Federal contract, GE award fuel pair

Scott Brusaw, pictured, and his wife, Julie, own Solar Roadways, which has patented a way to make roadways out of glass solar panels, such as the prototype Scott is sitting on. The Brusaws won $50,000 in the GE Ecomagination Challenge.  (Kathy Plonka)
Scott Brusaw, pictured, and his wife, Julie, own Solar Roadways, which has patented a way to make roadways out of glass solar panels, such as the prototype Scott is sitting on. The Brusaws won $50,000 in the GE Ecomagination Challenge. (Kathy Plonka)

Spending an hour with Scott Brusaw, of Sagle, just might convince you that eliminating the nation’s reliance on fossil fuels is not only possible, but likely.

Brusaw and his wife, Julie, recently won General Electric’s Ecomagination Challenge, an innovation experiment seeking ideas on how to build the “next-generation power grid.”

Their big idea: replace the nation’s roadways with solar panels.

Scott Brusaw has been working on the concept full time for four years, and interest is starting to grow.

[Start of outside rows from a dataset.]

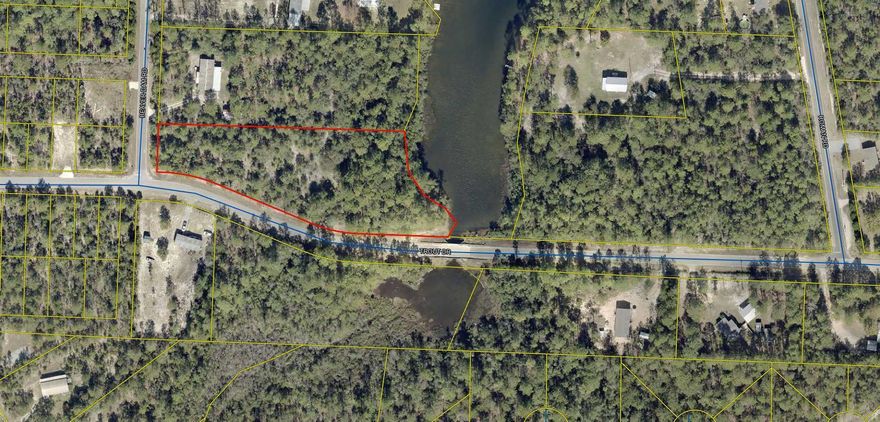 2 acres on Beaver Creek at Mossy Head!  Wooded lot with city water available and electric.  Appx. 245' on the water, subject to an up-to-date survey.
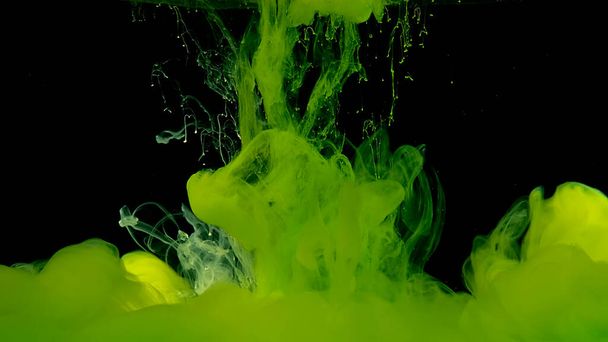 Beautiful abstract background. Green watercolor ink in water on a black background. Waves and drops of green colors. Green cloud of ink. Cosmic magic background. - Fotografie, Obrázek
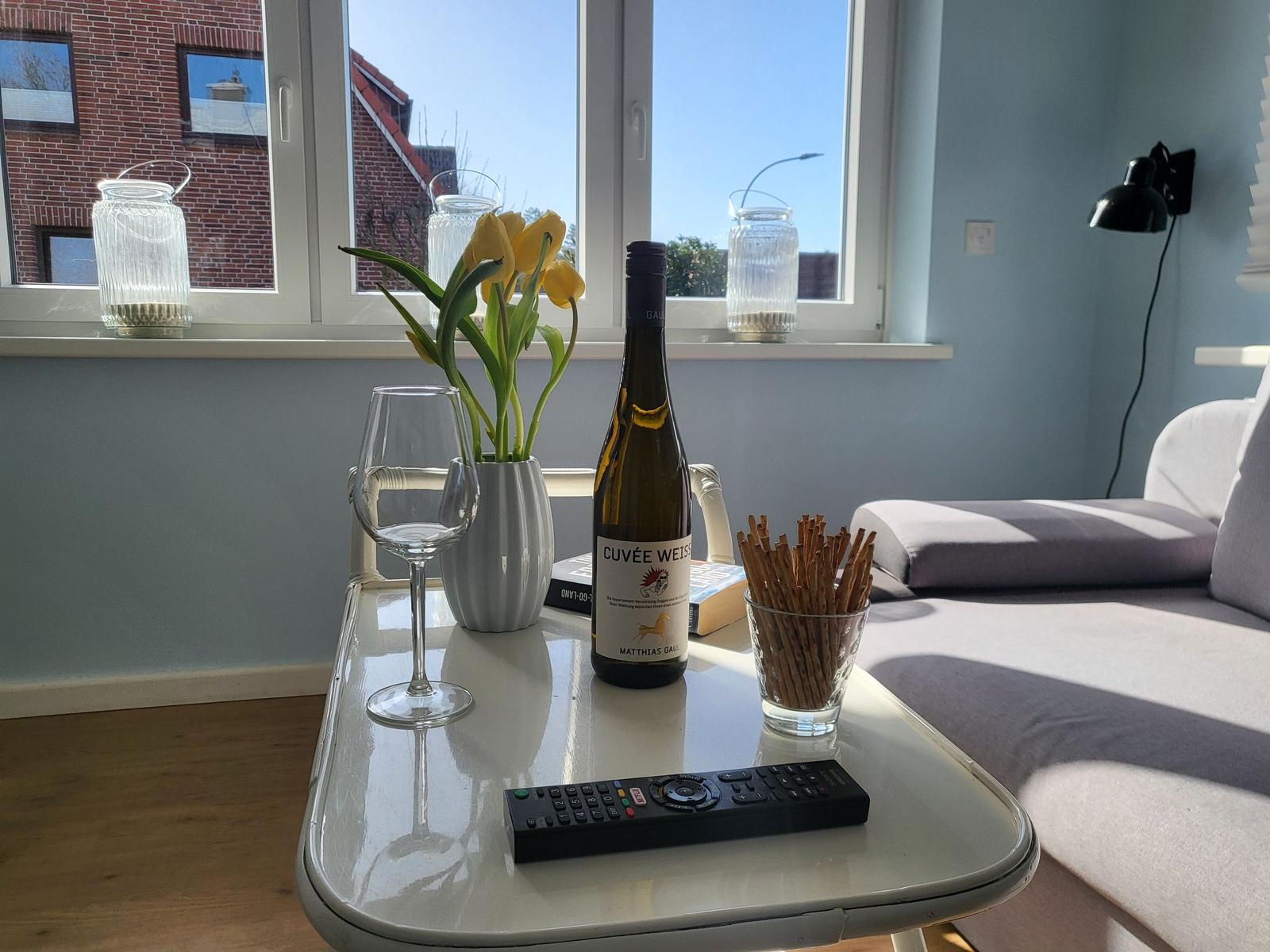 Table with wine, tulips, and snacks by window overlooking buildings.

Last fall, he landed a $100,000 Federal Highway Administration contract to build a prototype. Then he won the people’s choice award in the Ecomagination Challenge, which came with $50,000.

On Friday, a group of Japanese investors will visit his shop to explore the possibility of replacing parking lot surfaces with solar panels.

As wild as it may sound, it’s true.

A 12-foot-square prototype of the solar roadway sits in Brusaw’s nondescript shop east of U.S. Highway 95 on Sagle Road. Research is being conducted at an acclaimed materials research institute at Penn State University on the feasibility of using glass panels for road surfaces. And one of the country’s largest technology consulting firms is displaying 8-inch-square solar roadway panels at its future transportation lab in Virginia.

“We really think it could be a paradigm shift,” Brusaw said. “Doors just seem to keep opening. We hope it will just keep snowballing.”

Brusaw is low-key but intense and extremely optimistic. He’s thought through every aspect of the idea, even calculating how many solar panels it would take to cover the approximately 29,000 square miles of paved surfaces in the lower 48 states. At an April speech in Sacramento, Brusaw said ideas like fluorescent bulbs, carpools and high-mileage cars are important, but “are honestly putting Band-Aids on an open, gaping, gushing wound that is global warming. What we’re offering is a tourniquet.”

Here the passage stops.